Then the plastics are taken off from the nitric acid solution and are given
sufficient water bath to wash away all the adhered solvents (5). The plastics
are then allowed a complete drying (6)(7).
Steps (B) and (C) and (D) and (E) are repeated.

Even now, subject to the concentration of sodium aluminate the precipitation of
aluminium hydroxide may or may not occur.
Again steps (B), (C), (D) and (E) are repeated.
Either then or in the next phase / phases precipitation of aluminium hydroxide
occurs in a satisfactory quantity (2).
(F)By filtration (8) Aluminium hydroxide is then collected (9), either
centrifuged/filter-pressed and dried to a paste/cake (10). The filtrate, that is,
solution of sodium aluminate is kept aside (11).


(G)Now in 3lit. of cone, sodium hydroxide solution 6kgs of such dried paste / cake
of Aluminium hydroxide(10) are mixed (12) and boiled to dissolve. The
resultant solution of sodium aluminate kept aside (11) is mixed within it (13).
The entire solution is boiled, cooled and filtered to obtain a pure clean and
clear solution of Sodium aluminate (AI203 is in between 20—25%) at ambient
temperature (14). Now such concentrated solution of Sodium aluminate [(who
itself is also a saleable product (14)(15)] is ready to produce conventionally
either commercial grade (18), or pharmacy grade (26) aluminium hydroxide gel
by addition of necessary concentrated hydrochloric acid accordingly.
(H)Such produced commercial grade Aluminium hydroxide gel if conventionally
properly calcined would yield dried powder of Alumina (32) while again if
conventionally properly chemically reacted would yield other salts of metal
aluminium E.g. Aluminium sulphate, Aluminium nitrate etc. (33) as well.
(I) In one part of such sodium aluminate solution concentrated hydrochloric acid
is mixed (16) to yield Aluminium hydroxide gel, commercial grade (18). The gel
is then centrifuged (19), washed and re-dried (20) to a paste.
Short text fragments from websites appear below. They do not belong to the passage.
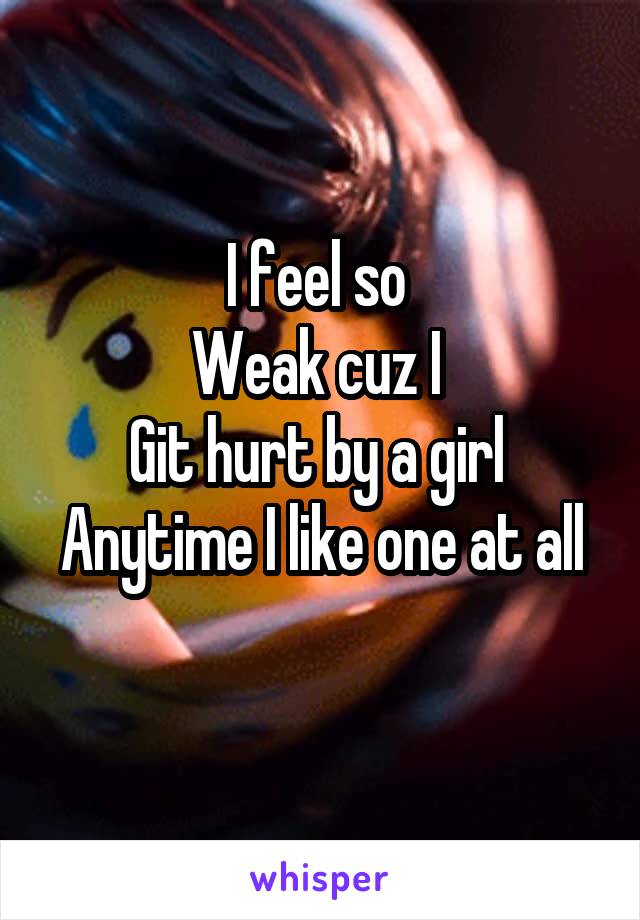 I feel so 
Weak cuz I 
Git hurt by a girl 
Anytime I like one at all 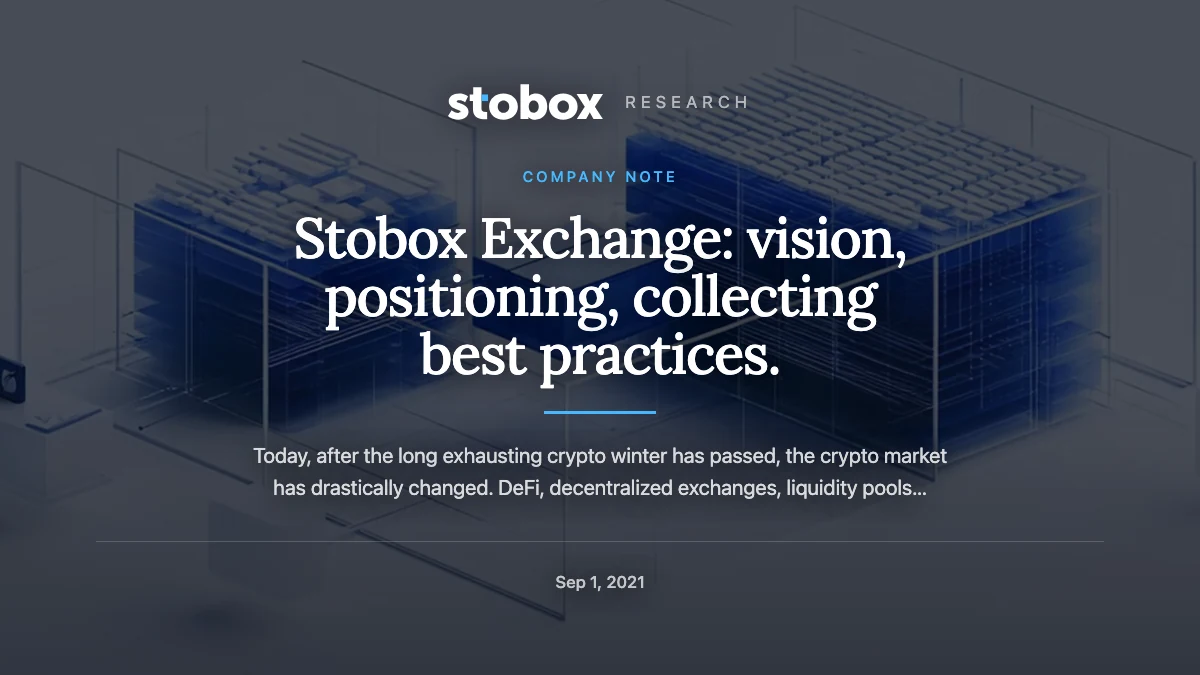 Stobox Exchange: vision, positioning, collecting best practices.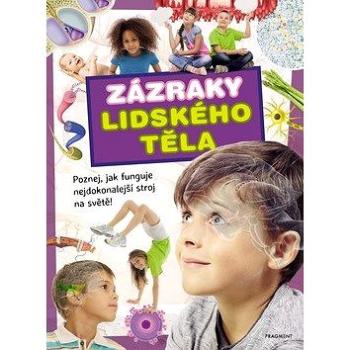 Zázraky lidského těla: Poznej, jak funguje nejdokonalejší mstroj na světě! (978-80-253-4133-9)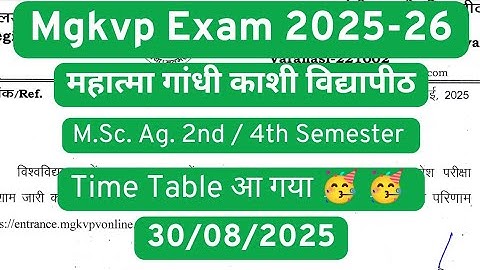 mgkvp msc agriculture 2nd/4th semester time table 2025 | mahatma gandhi kashi vidyapeeth time table 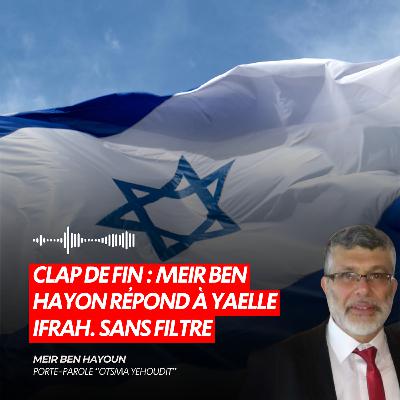 Clap de fin : Meir Ben Hayon répond à Yaelle Ifrah. Sans filtre.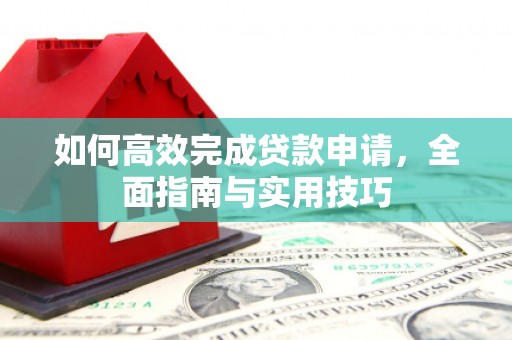 古县如何高效完成贷款申请，全面指南与实用技巧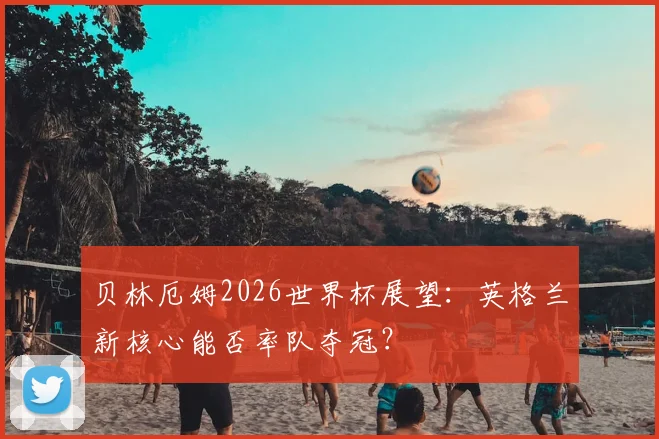 贝林厄姆2026世界杯展望：英格兰新核心能否率队夺冠？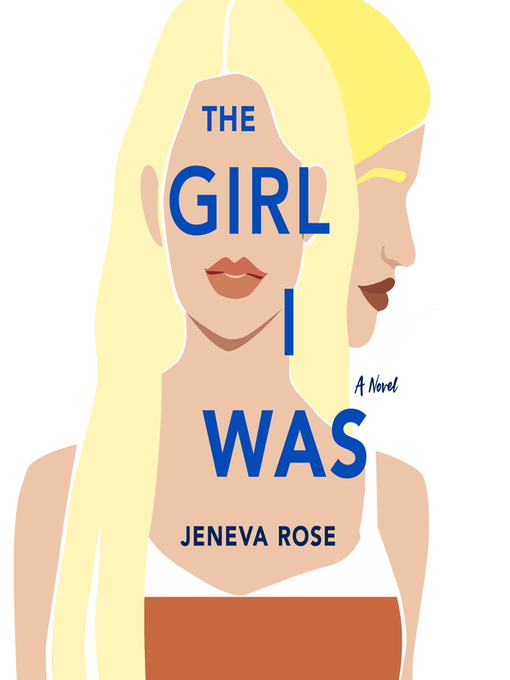 Title details for The Girl I Was by Jeneva Rose - Available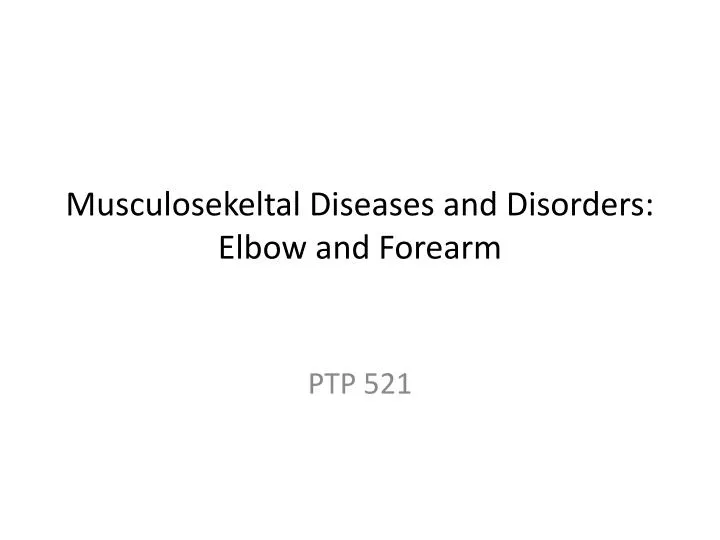 musculosekeltal diseases and disorders elbow and forearm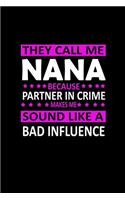 They Call Me Nana Because Partner In Crime Makes Me Sound Like A Bad Influence: Hangman Puzzles - Mini Game - Clever Kids - 110 Lined Pages - 6 X 9 In - 15.24 X 22.86 Cm - Single Player - Funny Great Gift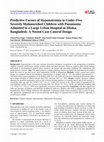 Research paper thumbnail of Predictive Factors of Hyponatremia in Under-Five Severely Malnourished Children with Pneumonia Admitted to a Large Urban Hospital in Dhaka, Bangladesh: A Nested Case-Control Design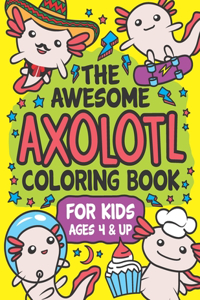 The Awesome Axolotl Coloring Book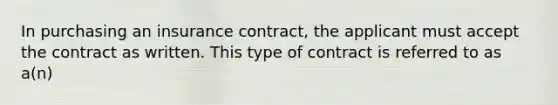 In purchasing an insurance contract, the applicant must accept the contract as written. This type of contract is referred to as a(n)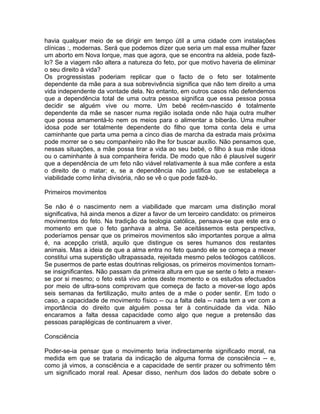 havia qualquer meio de se dirigir em tempo útil a uma cidade com instalações
clínicas :, modernas. Será que podemos dizer que seria um mal essa mulher fazer
um aborto em Nova Iorque, mas que agora, que se encontra na aldeia, pode fazê-
lo? Se a viagem não altera a natureza do feto, por que motivo haveria de eliminar
o seu direito à vida?
Os progressistas poderiam replicar que o facto de o feto ser totalmente
dependente da mãe para a sua sobrevivência significa que não tem direito a uma
vida independente da vontade dela. No entanto, em outros casos não defendemos
que a dependência total de uma outra pessoa significa que essa pessoa possa
decidir se alguém vive ou morre. Um bebé recém-nascido é totalmente
dependente da mãe se nascer numa região isolada onde não haja outra mulher
que possa amamentá-lo nem os meios para o alimentar a biberão. Uma mulher
idosa pode ser totalmente dependente do filho que toma conta dela e uma
caminhante que parta uma perna a cinco dias de marcha da estrada mais próxima
pode morrer se o seu companheiro não lhe for buscar auxílio. Não pensamos que,
nessas situações, a mãe possa tirar a vida ao seu bebé, o filho à sua mãe idosa
ou o caminhante à sua companheira ferida. De modo que não é plausível sugerir
que a dependência de um feto não viável relativamente à sua mãe confere a esta
o direito de o matar; e, se a dependência não justifica que se estabeleça a
viabilidade como linha divisória, não se vê o que pode fazê-lo.
Primeiros movimentos
Se não é o nascimento nem a viabilidade que marcam uma distinção moral
significativa, há ainda menos a dizer a favor de um terceiro candidato: os primeiros
movimentos do feto. Na tradição da teologia católica, pensava-se que este era o
momento em que o feto ganhava a alma. Se aceitássemos esta perspectiva,
poderíamos pensar que os primeiros movimentos são importantes porque a alma
é, na acepção cristã, aquilo que distingue os seres humanos dos restantes
animais. Mas a ideia de que a alma entra no feto quando ele se começa a mexer
constitui uma superstição ultrapassada, rejeitada mesmo pelos teólogos católicos.
Se pusermos de parte estas doutrinas religiosas, os primeiros movimentos tornam-
se insignificantes. Não passam da primeira altura em que se sente o feto a mexer-
se por si mesmo; o feto está vivo antes deste momento e os estudos efectuados
por meio de ultra-sons comprovam que começa de facto a mover-se logo após
seis semanas da fertilização, muito antes de a mãe o poder sentir. Em todo o
caso, a capacidade de movimento físico -- ou a falta dela -- nada tem a ver com a
importância do direito que alguém possa ter à continuidade da vida. Não
encaramos a falta dessa capacidade como algo que negue a pretensão das
pessoas paraplégicas de continuarem a viver.
Consciência
Poder-se-ia pensar que o movimento teria indirectamente significado moral, na
medida em que se trataria da indicação de alguma forma de consciência -- e,
como já vimos, a consciência e a capacidade de sentir prazer ou sofrimento têm
um significado moral real. Apesar disso, nenhum dos lados do debate sobre o
 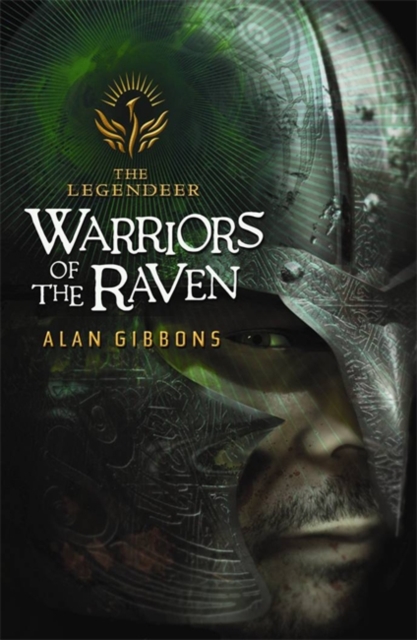 The Legendeer: Warriors of the Raven - Alan Gibbons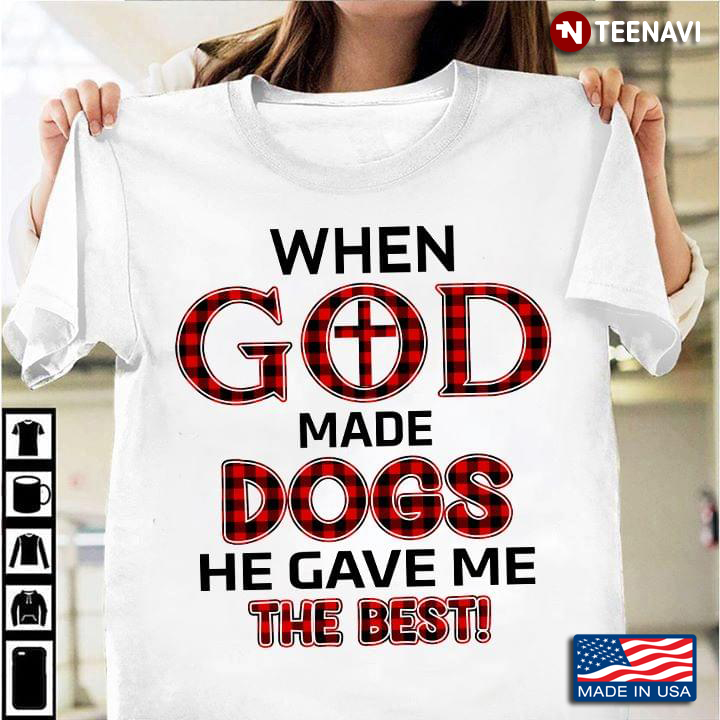 When God Made Dogs He Gave Me The Best For Dog Lover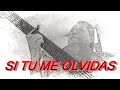 SI TU ME OLVIDAS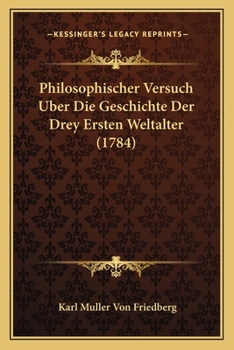 Paperback Philosophischer Versuch Uber Die Geschichte Der Drey Ersten Weltalter (1784) [German] Book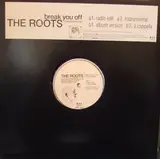 break you off - The Roots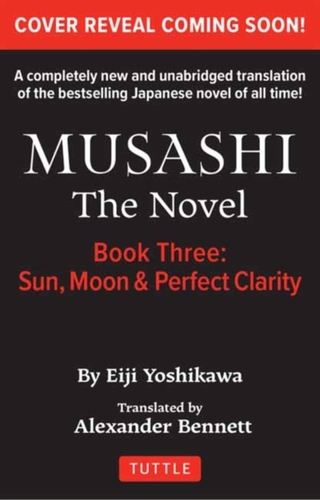 Musashi: Book Three - Moon, Sun & Perfect Clarity- The Novel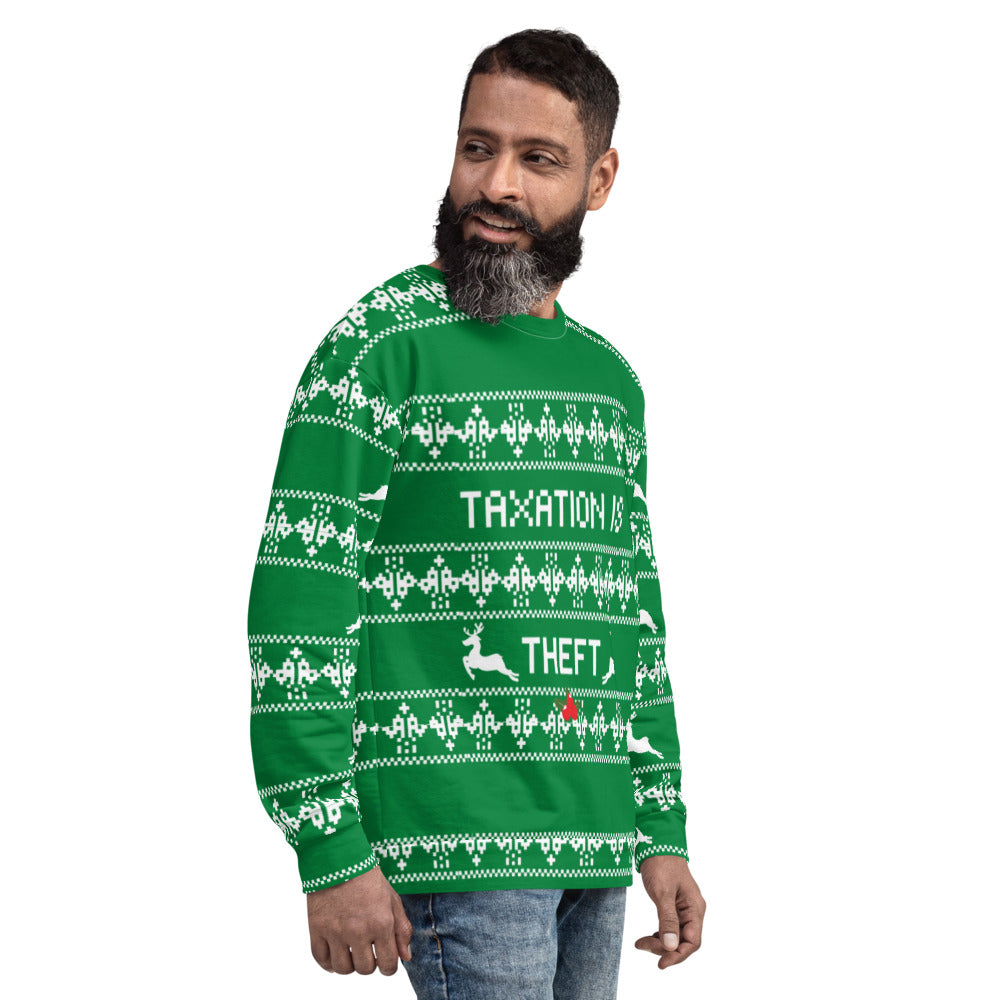 Ugly Christmas Sweater Taxation is Theft Unisex Sweatshirt - Proud Libertarian - Proud Libertarian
Thus generated
paste could be dried (21) to produce dried powder of Aluminium hydroxide gel
of commercial grade.
(J) In the other part of such sodium aluminate solution, in accordance with the
assay of aluminium oxide (AI203) present within, the solution is given
accordingly dilution and after that concentrated hydrochloric acid is mixed (24)
to yield Aluminium hydroxide gel (26) satisfying pharmacy grade assay. It is
then centrifuged/press-filtered (27), washed with sufficient boiled / sterilized
water and again re-dried (28) to a paste. Half of it is then preserved (by
addition of sodium benzoate) and packed as paste of Aluminium hydroxide gel
, as per pharmacy specification.
(K)To get dried powder of Aluminium hydroxide gel pharmacy grade the other half
of the yielded gel in paste form is dried (29), pulverized (if necessary) and
packed as per pharmacy specification.
(L) Here the filtrate obtained(22)(30), by evaporation to dryness(23)(31), will yield
also pure Sodium chloride (NaCI), as a by-product, which has its own specific
market

Thus by using a pure inorganic base sodium hydroxide, separation and recovery of
laminated fragments of multi-layer laminated packaging industrial refuse is possible
where free plastic fragments are recovered in as it is physical condition in one part and
the recovery of metal aluminium achieving in the form of metal salts like Sodium
aluminate (14)(15) or from such resultant sodium aluminate solution Aluminium
hydroxide gel (as both paste and dried powder), either of commercial grade (20)(21),
or/and of pharmacy grade (28)(29) are achieved, again where also from such obtained
commercial Aluminium hydroxide gel production of other aluminium salts E.g. Aluminium
sulphate, Aluminium nitrate etc.(33) or even Alumina (32) are achieved depending upon
just planning, specific procedure and motto in the other part.
Thus a disadvantageous laminated refuse stuff can be converted to a use of benefit
even as a medicine satisfying pharmacopoeia.


I CLAIM:
1. A process for the recovery of useful constituents from multi-layered fragments
of packaging refuse by separating the layering materials essentially
constituting of aluminium or aluminium based material and plastic material as
individual constituents, the process comprising contacting the fragments with
an inorganic base so as to recover aluminium as metal aluminium salt and
release the fragments of plastic material from lamination;
2. A process as claimed in claim 1 wherein the inorganic base is sodium
hydroxide in solution.
3. A process as claimed in claim 6 wherein the concentration of the said sodium
hydroxide solution is 2M.
4. A process as claimed in claim 1 wherein the said recovered aluminium salt is
sodium aluminate.
5. A process as claimed in claim 1 wherein the said fragments are contacted with
the said basic solution for a period of 48 - 84 hours.
6. A process as claimed in claim 1 wherein the said plastic is polyethylene.
7. A process as claimed in claim 1, wherein the multi-layer laminated packaging
industrial refuse is in sheet, strips, tube or shredded / trimming form.
8. A process as claimed in anyone of the preceding claims wherein any un-
shredded forms of the refuse are shredded using a conventional industrial
shredder to a size of about 0.25cm - 0.5cm in breadth and about 0.5—
1.5metre in length.
9. A process as claimed in any one of the preceding claims wherein the refuse is
contacted with the sodium hydroxide solution by dipping.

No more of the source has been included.